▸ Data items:
________
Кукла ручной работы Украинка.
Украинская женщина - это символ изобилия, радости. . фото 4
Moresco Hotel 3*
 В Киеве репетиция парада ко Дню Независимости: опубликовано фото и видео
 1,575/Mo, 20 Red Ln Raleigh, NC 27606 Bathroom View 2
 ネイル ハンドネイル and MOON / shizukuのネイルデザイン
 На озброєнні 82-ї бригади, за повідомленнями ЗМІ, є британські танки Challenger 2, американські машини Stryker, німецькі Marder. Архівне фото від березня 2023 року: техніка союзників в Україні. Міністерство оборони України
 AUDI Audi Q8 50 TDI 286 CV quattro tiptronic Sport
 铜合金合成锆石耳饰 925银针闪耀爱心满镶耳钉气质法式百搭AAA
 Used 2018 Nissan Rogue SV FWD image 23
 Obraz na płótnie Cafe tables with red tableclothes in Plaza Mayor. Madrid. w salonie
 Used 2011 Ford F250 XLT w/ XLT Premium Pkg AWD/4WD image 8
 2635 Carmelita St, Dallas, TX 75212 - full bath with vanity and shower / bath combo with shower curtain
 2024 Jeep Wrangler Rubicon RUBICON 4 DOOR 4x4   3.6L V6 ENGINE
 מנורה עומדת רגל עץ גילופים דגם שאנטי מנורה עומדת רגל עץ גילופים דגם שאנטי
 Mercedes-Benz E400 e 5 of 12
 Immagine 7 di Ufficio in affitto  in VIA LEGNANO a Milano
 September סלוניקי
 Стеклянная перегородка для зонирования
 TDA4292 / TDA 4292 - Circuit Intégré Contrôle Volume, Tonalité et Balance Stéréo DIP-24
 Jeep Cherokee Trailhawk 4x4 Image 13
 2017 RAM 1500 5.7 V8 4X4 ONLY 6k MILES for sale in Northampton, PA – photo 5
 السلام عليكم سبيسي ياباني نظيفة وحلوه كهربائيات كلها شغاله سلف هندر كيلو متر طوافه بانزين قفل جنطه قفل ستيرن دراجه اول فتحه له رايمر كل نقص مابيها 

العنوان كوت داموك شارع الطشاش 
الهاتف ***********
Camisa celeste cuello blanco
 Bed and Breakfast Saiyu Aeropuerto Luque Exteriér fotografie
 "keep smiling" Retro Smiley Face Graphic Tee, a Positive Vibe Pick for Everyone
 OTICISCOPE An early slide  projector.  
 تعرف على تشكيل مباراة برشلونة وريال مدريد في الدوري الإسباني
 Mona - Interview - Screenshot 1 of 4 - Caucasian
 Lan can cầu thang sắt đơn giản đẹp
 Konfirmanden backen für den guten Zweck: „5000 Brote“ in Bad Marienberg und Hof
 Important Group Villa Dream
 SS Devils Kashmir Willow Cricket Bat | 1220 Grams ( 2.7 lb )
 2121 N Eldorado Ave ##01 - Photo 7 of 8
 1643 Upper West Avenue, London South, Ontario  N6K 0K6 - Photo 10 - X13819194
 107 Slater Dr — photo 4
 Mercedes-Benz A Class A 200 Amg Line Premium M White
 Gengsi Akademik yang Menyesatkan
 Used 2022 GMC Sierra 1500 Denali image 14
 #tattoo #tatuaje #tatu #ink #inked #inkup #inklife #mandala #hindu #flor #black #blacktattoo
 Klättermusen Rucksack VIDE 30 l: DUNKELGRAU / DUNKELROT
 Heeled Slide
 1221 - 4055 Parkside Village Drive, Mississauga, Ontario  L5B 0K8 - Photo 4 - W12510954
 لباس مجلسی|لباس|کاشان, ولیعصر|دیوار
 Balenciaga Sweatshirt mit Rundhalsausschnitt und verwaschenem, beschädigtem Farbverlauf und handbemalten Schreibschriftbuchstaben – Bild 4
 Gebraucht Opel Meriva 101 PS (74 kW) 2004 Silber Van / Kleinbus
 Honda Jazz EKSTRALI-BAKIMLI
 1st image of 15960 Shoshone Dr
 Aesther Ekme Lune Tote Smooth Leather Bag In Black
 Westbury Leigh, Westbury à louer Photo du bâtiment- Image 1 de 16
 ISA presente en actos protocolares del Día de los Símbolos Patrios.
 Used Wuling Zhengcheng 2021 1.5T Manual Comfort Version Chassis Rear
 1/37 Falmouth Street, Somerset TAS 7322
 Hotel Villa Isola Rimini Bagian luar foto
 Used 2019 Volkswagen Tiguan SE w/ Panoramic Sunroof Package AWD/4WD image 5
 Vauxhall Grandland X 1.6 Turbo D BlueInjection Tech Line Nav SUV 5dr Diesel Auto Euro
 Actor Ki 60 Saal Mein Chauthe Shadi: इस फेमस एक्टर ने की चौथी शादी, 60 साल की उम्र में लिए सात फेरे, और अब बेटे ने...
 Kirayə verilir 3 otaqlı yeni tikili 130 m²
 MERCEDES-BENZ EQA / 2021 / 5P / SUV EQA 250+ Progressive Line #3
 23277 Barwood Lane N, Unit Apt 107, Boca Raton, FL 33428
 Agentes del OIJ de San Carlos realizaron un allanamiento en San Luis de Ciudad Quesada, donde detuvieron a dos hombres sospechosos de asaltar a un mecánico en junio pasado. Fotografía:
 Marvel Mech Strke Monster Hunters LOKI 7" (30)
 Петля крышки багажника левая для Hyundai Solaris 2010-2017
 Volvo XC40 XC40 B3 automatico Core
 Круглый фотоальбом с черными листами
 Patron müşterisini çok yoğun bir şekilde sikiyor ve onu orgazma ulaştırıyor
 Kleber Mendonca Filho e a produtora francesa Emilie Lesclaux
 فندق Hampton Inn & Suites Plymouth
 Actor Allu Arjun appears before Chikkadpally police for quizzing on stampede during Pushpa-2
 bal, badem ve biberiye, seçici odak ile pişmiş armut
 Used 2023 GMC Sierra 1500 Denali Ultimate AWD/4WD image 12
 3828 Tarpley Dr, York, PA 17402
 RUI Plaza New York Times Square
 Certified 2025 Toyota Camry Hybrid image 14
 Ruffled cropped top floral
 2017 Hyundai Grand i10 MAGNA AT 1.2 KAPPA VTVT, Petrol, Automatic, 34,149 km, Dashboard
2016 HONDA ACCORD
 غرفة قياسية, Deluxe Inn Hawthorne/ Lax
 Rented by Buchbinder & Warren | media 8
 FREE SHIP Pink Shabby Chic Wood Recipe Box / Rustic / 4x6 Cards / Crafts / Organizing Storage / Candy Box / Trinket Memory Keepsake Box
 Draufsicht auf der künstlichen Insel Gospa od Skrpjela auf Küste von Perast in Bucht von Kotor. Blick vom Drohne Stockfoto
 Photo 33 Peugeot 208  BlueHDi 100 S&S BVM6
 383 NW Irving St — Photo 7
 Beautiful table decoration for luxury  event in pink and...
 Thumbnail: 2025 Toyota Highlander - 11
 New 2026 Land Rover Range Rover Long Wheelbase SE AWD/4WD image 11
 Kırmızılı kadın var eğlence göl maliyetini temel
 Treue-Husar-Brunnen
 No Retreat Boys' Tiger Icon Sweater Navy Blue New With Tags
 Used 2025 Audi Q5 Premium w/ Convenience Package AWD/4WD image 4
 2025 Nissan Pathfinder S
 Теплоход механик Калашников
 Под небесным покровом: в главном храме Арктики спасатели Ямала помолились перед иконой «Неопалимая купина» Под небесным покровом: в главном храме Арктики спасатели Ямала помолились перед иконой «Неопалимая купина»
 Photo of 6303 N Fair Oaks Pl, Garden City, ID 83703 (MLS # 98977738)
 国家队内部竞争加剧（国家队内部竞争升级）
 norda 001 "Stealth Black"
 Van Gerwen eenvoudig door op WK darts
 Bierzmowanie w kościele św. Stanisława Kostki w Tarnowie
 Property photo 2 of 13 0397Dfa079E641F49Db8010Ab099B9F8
________
▸ Task prompt: Nothing but the lines above from the one containing "Стеклянная перегородка для зонирования" through the one containing "2017 RAM 1500" should appear in the answer, each repeated exactly.

▸ Task output:
 Стеклянная перегородка для зонирования
 TDA4292 / TDA 4292 - Circuit Intégré Contrôle Volume, Tonalité et Balance Stéréo DIP-24
 Jeep Cherokee Trailhawk 4x4 Image 13
 2017 RAM 1500 5.7 V8 4X4 ONLY 6k MILES for sale in Northampton, PA – photo 5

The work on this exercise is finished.